--- Data for this task ---

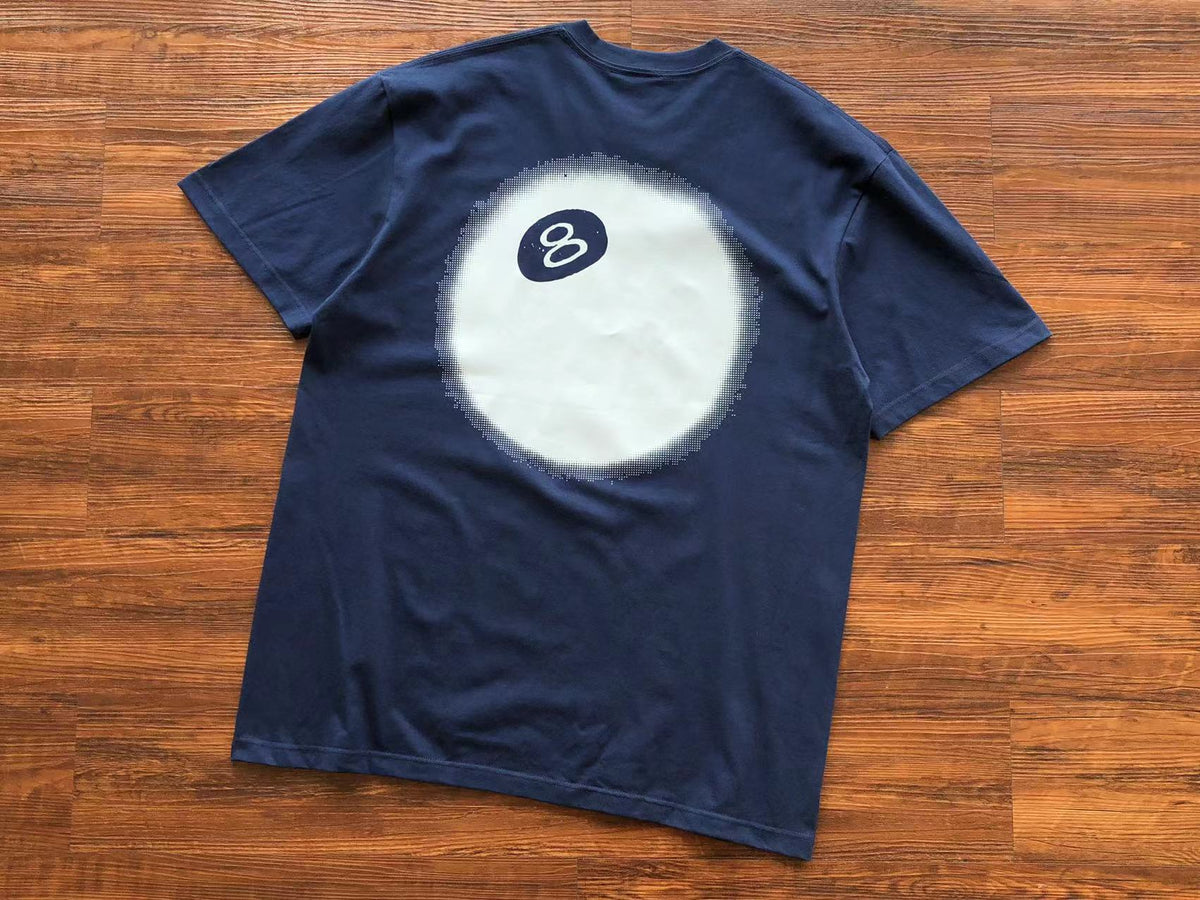 T-Shirt Stussy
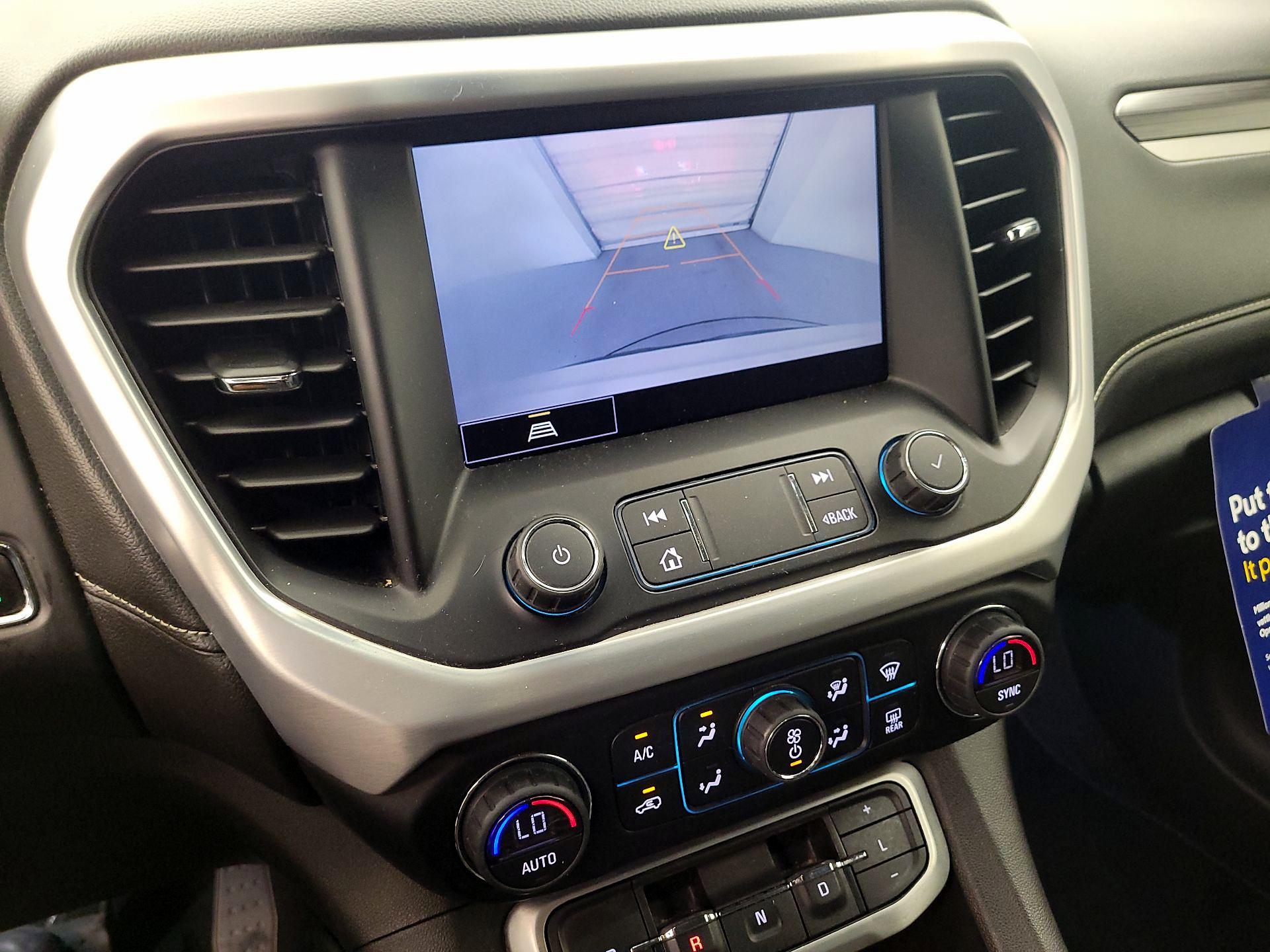 Thumbnail: 2021 GMC Acadia - 14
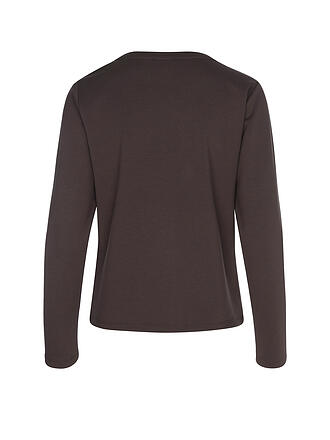 MONARI | Langarmshirt 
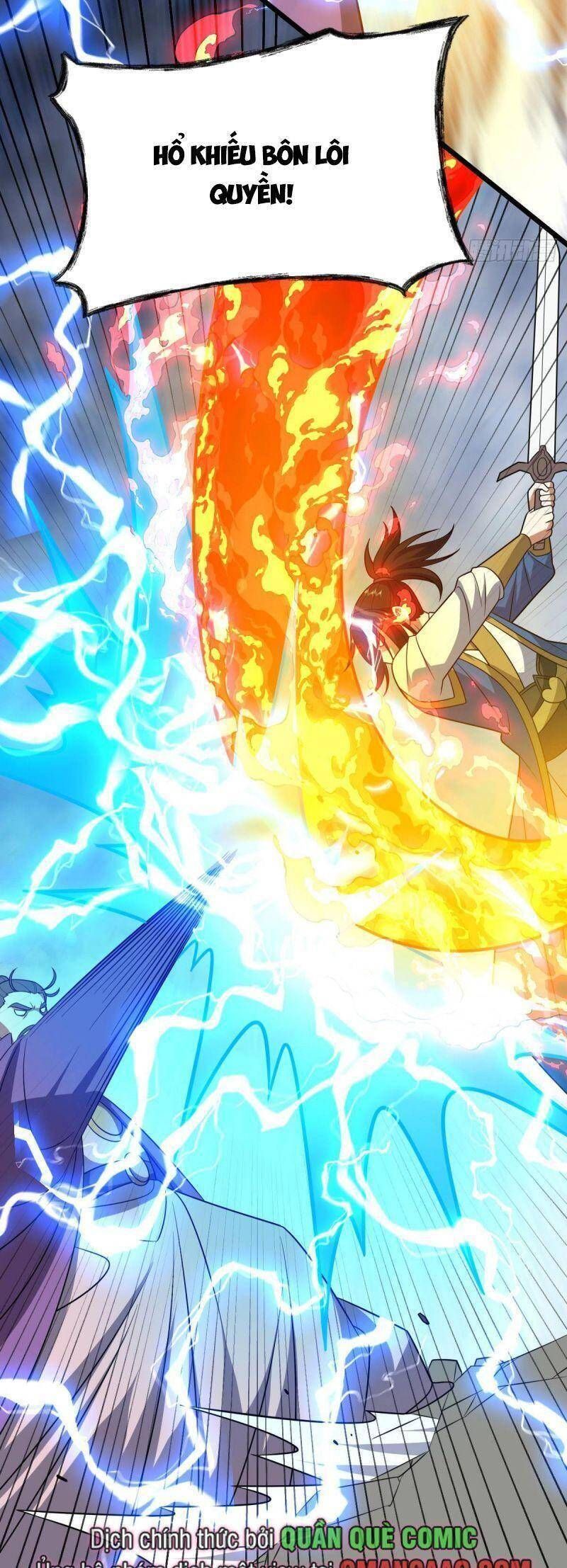 đọc truyện Lăng Thiên Thần Đế Chương 324 ảnh 9 tại Thiên Thai Truyện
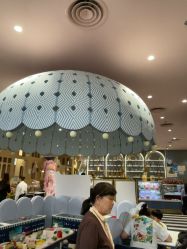 -奈尔宝·儿童乐园·亲子餐厅(前滩店)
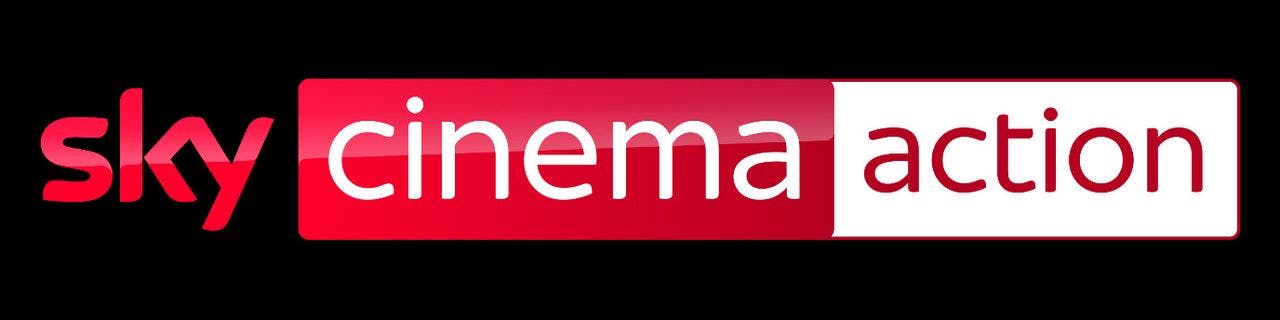 SKY Cinema Action (Italy) - image header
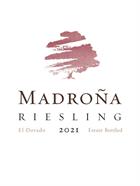 Riesling 2023 Hillside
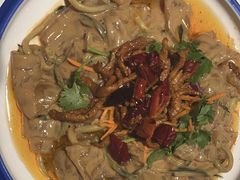 摇滚拉皮-额娘·春饼烤鸭(怀特店)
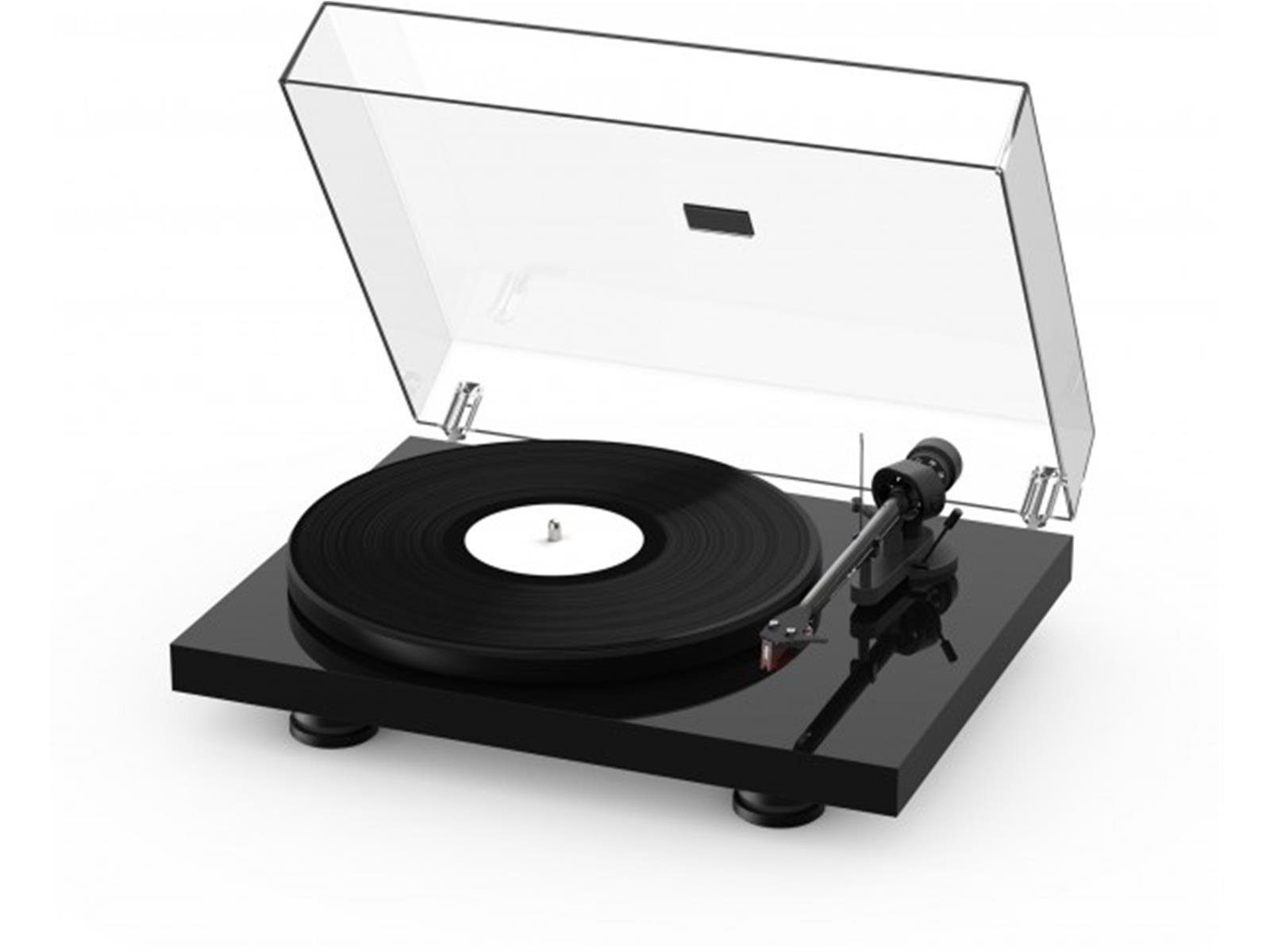 Pro-Ject Pro-Ject Debut Carbon EVO Plattenspieler Plattenspieler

---

Your assignment> What you give back must match the lines from the start of the records through the line that contains "摇滚拉皮-额娘·春饼烤鸭(怀特店)", exactly, with the pictures left out.

Solution to this problem>
 T-Shirt Stussy
 Thumbnail: 2021 GMC Acadia - 14
 MONARI | Langarmshirt 
 đọc truyện Lăng Thiên Thần Đế Chương 324 ảnh 9 tại Thiên Thai Truyện
 -奈尔宝·儿童乐园·亲子餐厅(前滩店)
 SKY Cinema Action (Italy) - image header
 Riesling 2023 Hillside
 摇滚拉皮-额娘·春饼烤鸭(怀特店)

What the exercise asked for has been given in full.